SV-COMP 2017 - 6th International Competition on Software Verification

Call for Participation — Procedure

The competition will compare state-of-the-art tools for software verification with respect to effectiveness and efficiency. The competition consists of two phases: a training phase, in which benchmark programs are given to the tool developers, and an evaluation phase, in which all participating verifiers will be executed on benchmark verification tasks, and the number of solved instances as well as the runtime is measured. The competition is performed and presented by the TACAS Competition Chair.

This page is the authoritative reference for the rules of the competition. If in doubt, please also read the FAQ with more descriptions.

Publication and Presentation of the Competition Candidates

The jury selects qualified competition candidates to publish (in the LNCS proceedings of TACAS) a contribution paper that gives an overview of the competition candidate. An overview paper by the competition organizers will describe the competition procedure and present the results. The papers are due on the start date of the evaluation phase.

In addition, every qualified competition candidate is granted a demonstration slot in the TACAS program to present the competition candidate to the TACAS audience.

Definition of Verification Task

A verification task consists of a C program and a specification. A verification run is a non-interactive execution of a competition candidate on a single verification task, in order to check if the following statement is correct: "The program satisfies the specification."

The result of a verification run is a triple (ANSWER, WITNESS, TIME). ANSWER is one of the following outcomes:

TRUE + Witness	The specification is satisfied (i.e., there is no path that violates the specification) and a correctness witness is produced.
FALSE + Witness	The specification is violated (i.e., there exists a path that violates the specification) and an violation witness is produced.
UNKNOWN	The tool cannot decide the problem or terminates by a tool crash, time-out, or out-of-memory (i.e., the competition candidate does not succeed in computing an answer TRUE or FALSE).

TIME is the consumed CPU time until the verifier terminates. It includes the consumed CPU time of all processes that the verifier starts. If TIME is equal to or larger than the time limit, then the verifier is terminated and the ANSWER is set to "timeout" (and interpreted as UNKNOWN).

The C programs are partitioned into categories, which are defined in category-set files. The categories and the contained programs are explained on the benchmark page. The requirements for the C programs are described below in the next section.

Witnesses

There is a fixed exchange format for the witnesses. The witness has to be written to a file, which is given to a witness validator to check validity. The result is counted as correct only if the validator successfully checked it. (There are currently two witness validators under active development, based on CPAchecker and Ultimate Automizer, respectively.) The resource limits for the witness validators are 2 processing units, 7 GB memory, and 10 % of the verification time (i.e., 90 s) for violation witnesses and 100 % (900 s) for correctness witnesses.

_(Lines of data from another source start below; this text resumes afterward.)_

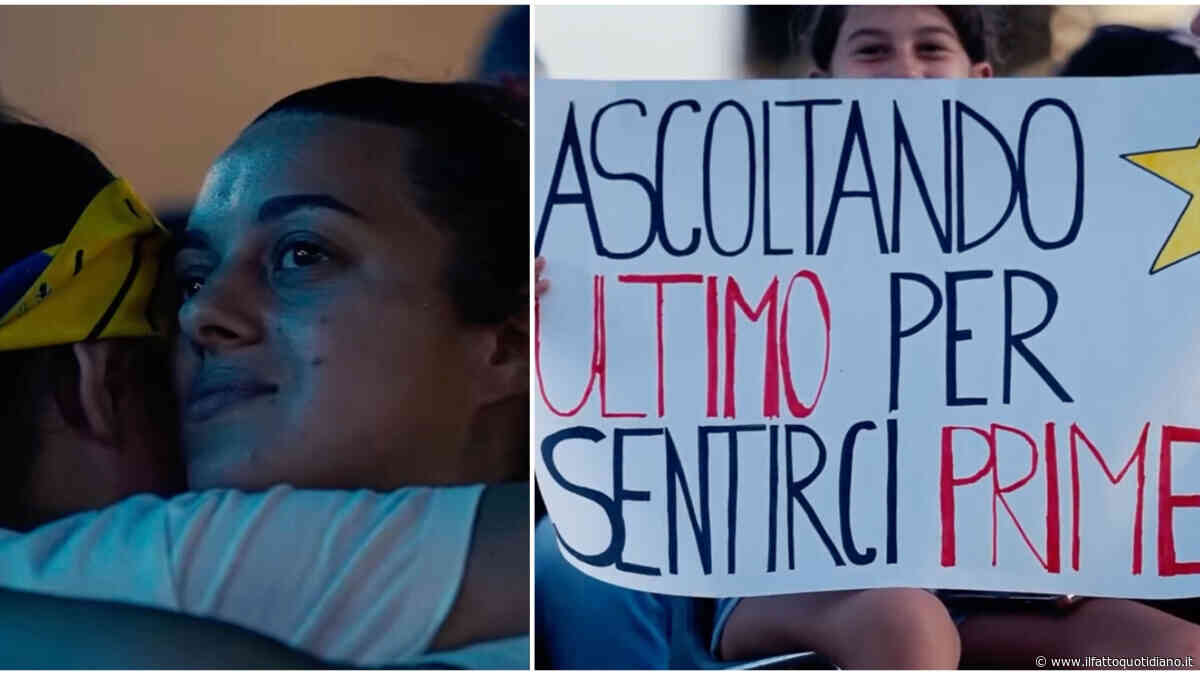 Ultimo a Tor Vergata, ecco le prove generali aperte solo a 1500 persone con disabilità: “Non è stata solo la prima volta, ma la prima di molte altre. È una promessa”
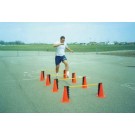 Hurdle Riser Cones (Set of 4)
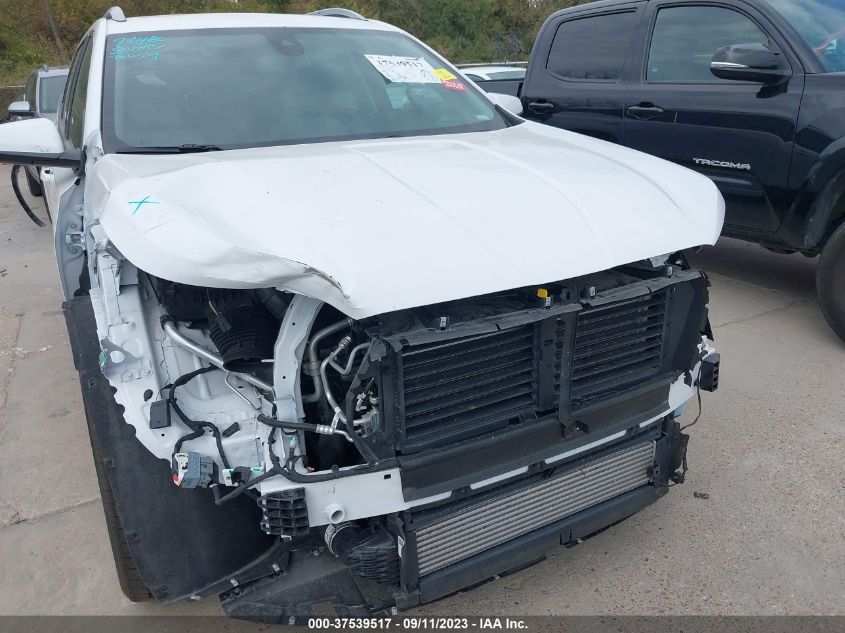 2023 GMC TERRAIN SLT - 3GKALPEG5PL185805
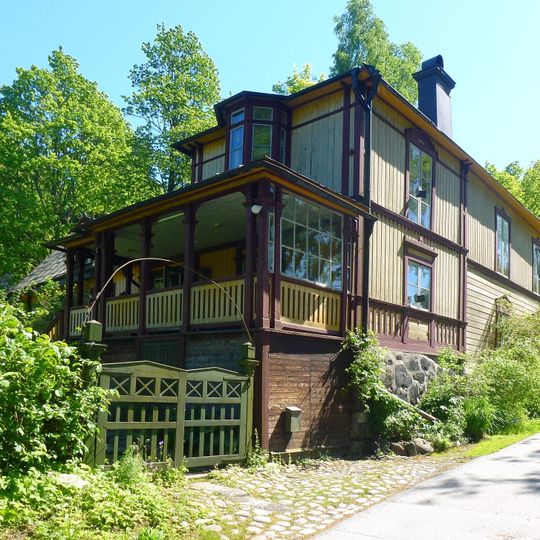 Villa Skuggan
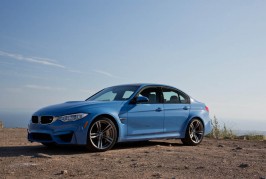 2015 BMW M3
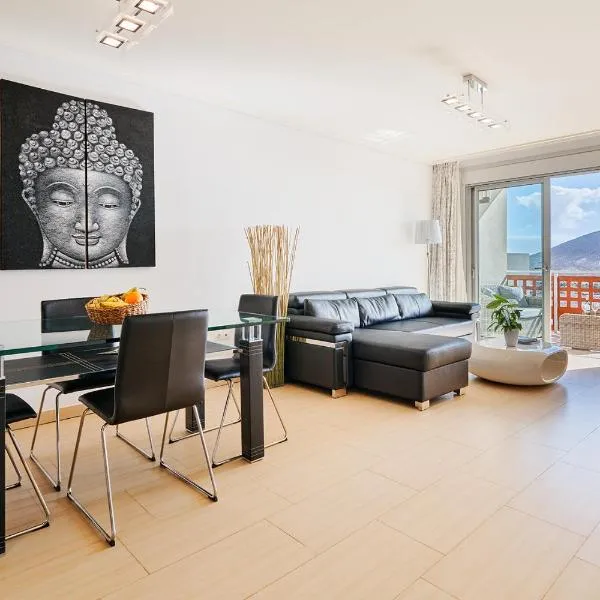 Luxury Apartament Calle Pizarro La Tejita, hotel en La Mareta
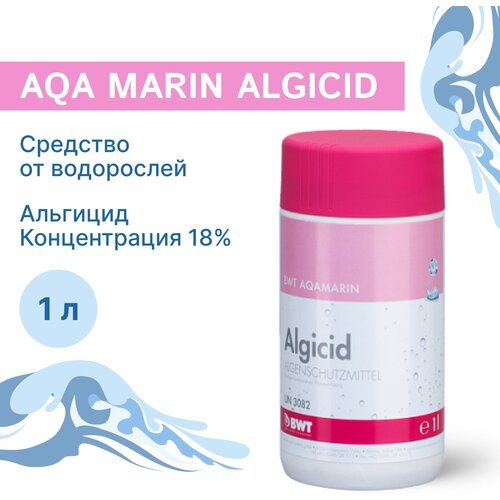        18%   BWT Algicid 1 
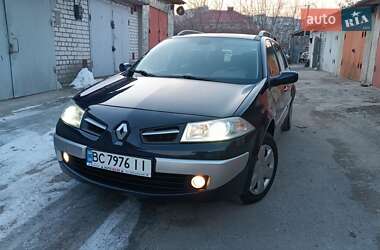 Универсал Renault Megane 2009 в Николаеве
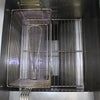 Anets FM2.14GS.CS Twin Deep Fryer Bank (4)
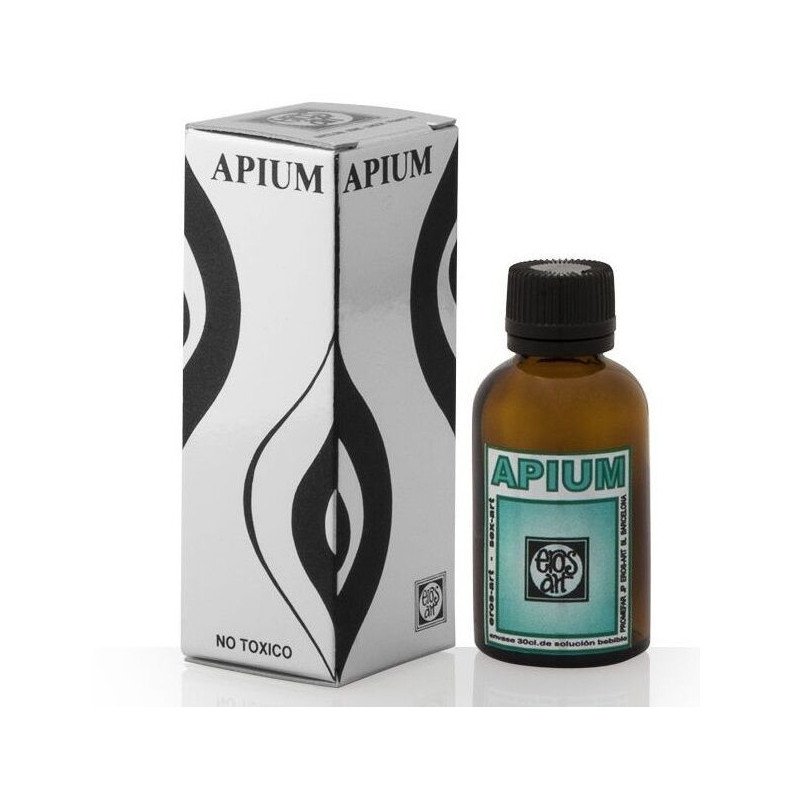 EROS-ART - APIUM UNISEX POTENCIADOR DE LA LIBIDO 30 CC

The following categories are excluded from witness validation: *-Arrays, *-Floats, *-Heap, *MemSafety*, ConcurrencySafety-*, and Termination-*.

Properties

The specification to be verified for a program "path/filename" is given either in a file with the name "path/filename.prp" or in a file "Category.prp".

The definition 'init(main())' gives the initial states of the program by a call of function 'main' (with no parameters). The definition 'LTL(f)' specifies that formula 'f' holds at every initial state of the program. The LTL (linear-time temporal logic) operator 'G f' means that 'f' globally holds. The proposition 'call(__VERIFIER_error())' is true if the function '__VERIFIER_error()' is called.

Error Function Unreachability:

Formula	Definition
G ! call(__VERIFIER_error())	The function '__VERIFIER_error' is not called in any finite execution of the program.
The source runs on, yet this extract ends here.